Saved data entries
========================================
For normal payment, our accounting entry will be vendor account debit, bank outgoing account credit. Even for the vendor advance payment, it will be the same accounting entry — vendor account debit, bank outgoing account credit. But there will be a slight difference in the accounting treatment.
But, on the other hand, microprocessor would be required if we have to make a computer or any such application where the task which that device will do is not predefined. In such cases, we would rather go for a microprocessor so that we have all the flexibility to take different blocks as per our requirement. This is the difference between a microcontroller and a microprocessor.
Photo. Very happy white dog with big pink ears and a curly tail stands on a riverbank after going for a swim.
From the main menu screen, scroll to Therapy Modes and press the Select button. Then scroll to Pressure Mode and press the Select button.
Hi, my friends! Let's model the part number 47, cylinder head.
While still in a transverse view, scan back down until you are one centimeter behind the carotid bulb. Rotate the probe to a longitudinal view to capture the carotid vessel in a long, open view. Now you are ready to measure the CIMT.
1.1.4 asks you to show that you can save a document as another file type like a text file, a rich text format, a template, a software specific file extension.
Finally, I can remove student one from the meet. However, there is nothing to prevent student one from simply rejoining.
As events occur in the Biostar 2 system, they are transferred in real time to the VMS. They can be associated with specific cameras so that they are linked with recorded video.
========================================
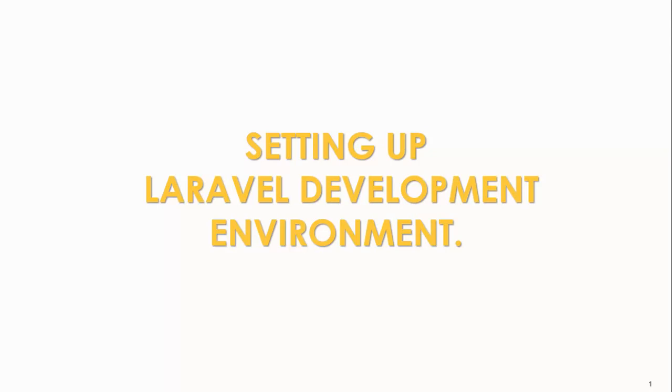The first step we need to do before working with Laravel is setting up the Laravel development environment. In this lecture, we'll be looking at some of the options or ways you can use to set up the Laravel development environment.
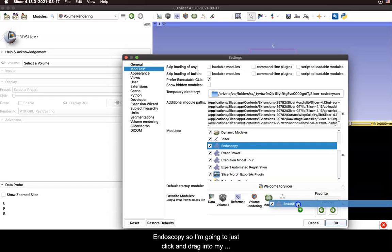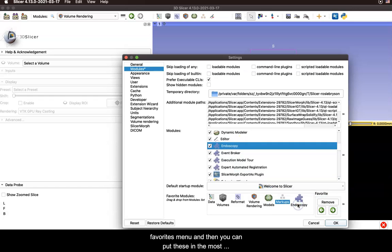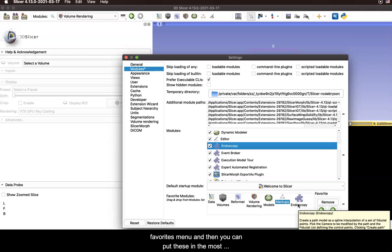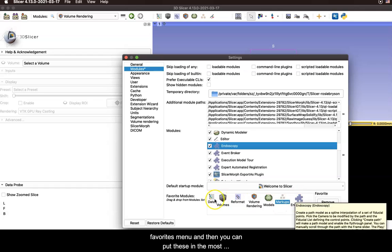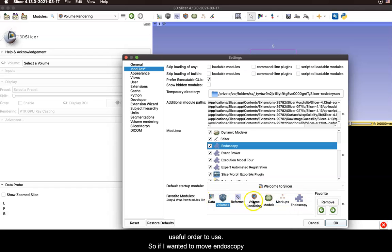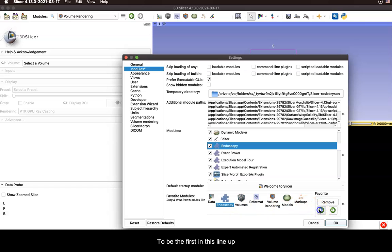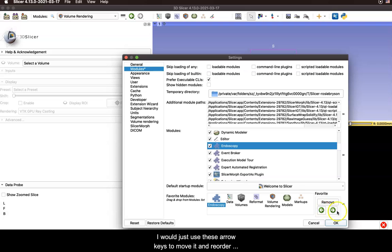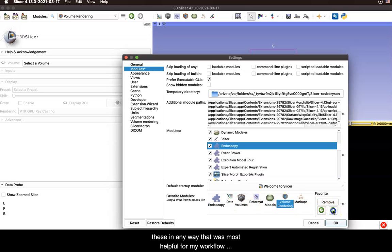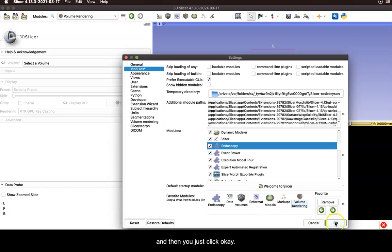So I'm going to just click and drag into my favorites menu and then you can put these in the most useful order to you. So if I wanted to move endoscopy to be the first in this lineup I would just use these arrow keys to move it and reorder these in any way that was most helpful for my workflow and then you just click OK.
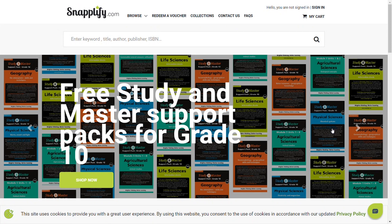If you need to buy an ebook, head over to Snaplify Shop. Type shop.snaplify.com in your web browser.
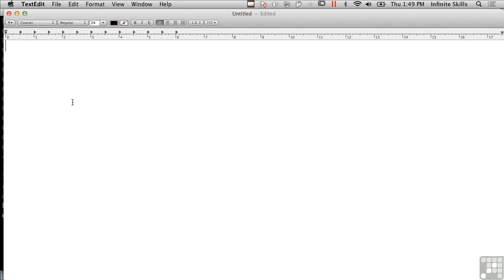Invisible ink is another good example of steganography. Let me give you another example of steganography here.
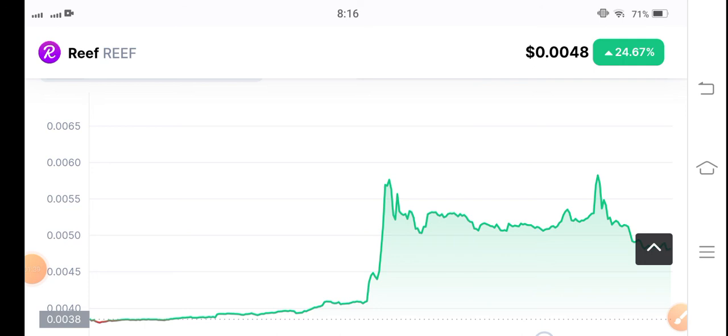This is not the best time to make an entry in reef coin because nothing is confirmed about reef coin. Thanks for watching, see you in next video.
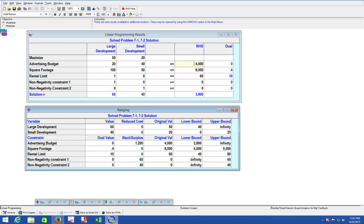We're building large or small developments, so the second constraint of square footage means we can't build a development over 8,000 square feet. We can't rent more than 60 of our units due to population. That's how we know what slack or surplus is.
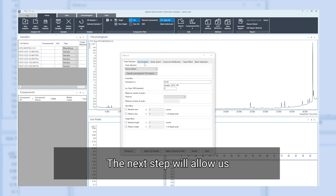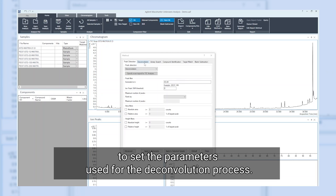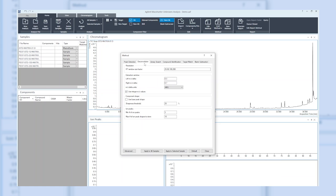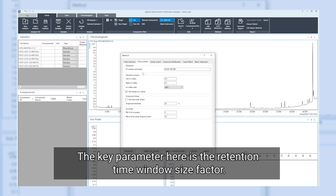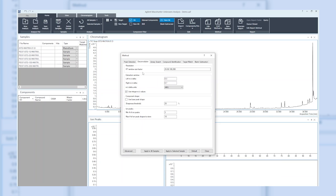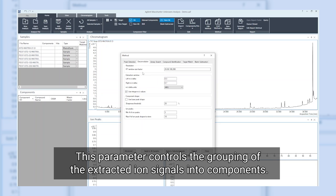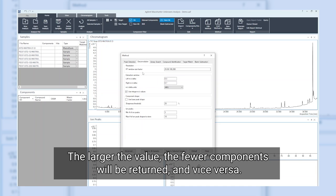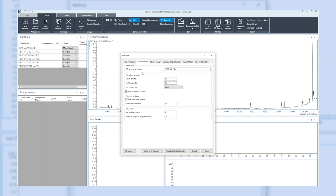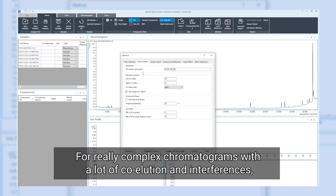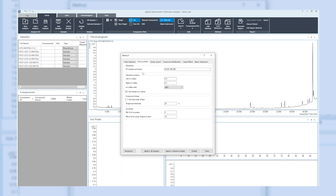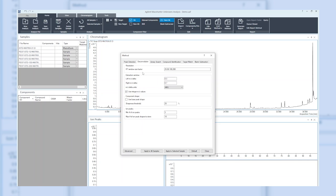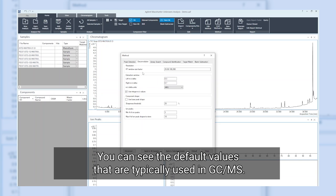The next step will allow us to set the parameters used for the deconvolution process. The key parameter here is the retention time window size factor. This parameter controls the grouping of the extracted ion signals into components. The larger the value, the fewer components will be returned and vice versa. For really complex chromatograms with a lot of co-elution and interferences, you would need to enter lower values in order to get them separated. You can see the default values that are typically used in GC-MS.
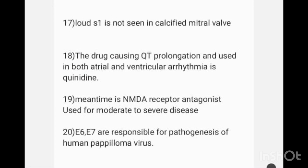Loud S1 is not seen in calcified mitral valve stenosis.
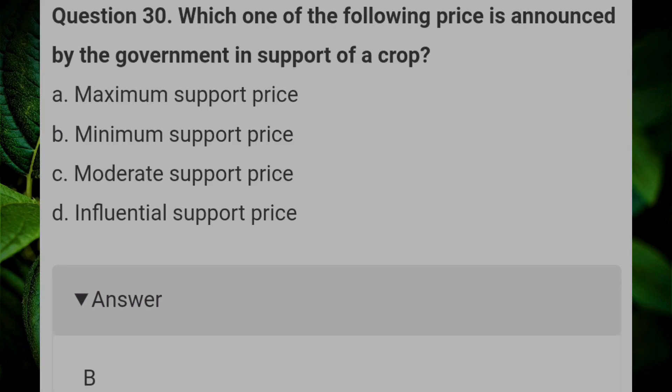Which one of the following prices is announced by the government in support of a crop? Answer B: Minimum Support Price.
========================================
* Instructions for the task *
In the records above, find the line with "The first step" and the line with "This is not", then restate word for word only those two lines and all lines between, omitting pictures.

* Output for this task *
The first step we need to do before working with Laravel is setting up the Laravel development environment. In this lecture, we'll be looking at some of the options or ways you can use to set up the Laravel development environment.
So I'm going to just click and drag into my favorites menu and then you can put these in the most useful order to you. So if I wanted to move endoscopy to be the first in this lineup I would just use these arrow keys to move it and reorder these in any way that was most helpful for my workflow and then you just click OK.
If you need to buy an ebook, head over to Snaplify Shop. Type shop.snaplify.com in your web browser.
Invisible ink is another good example of steganography. Let me give you another example of steganography here.
This is not the best time to make an entry in reef coin because nothing is confirmed about reef coin. Thanks for watching, see you in next video.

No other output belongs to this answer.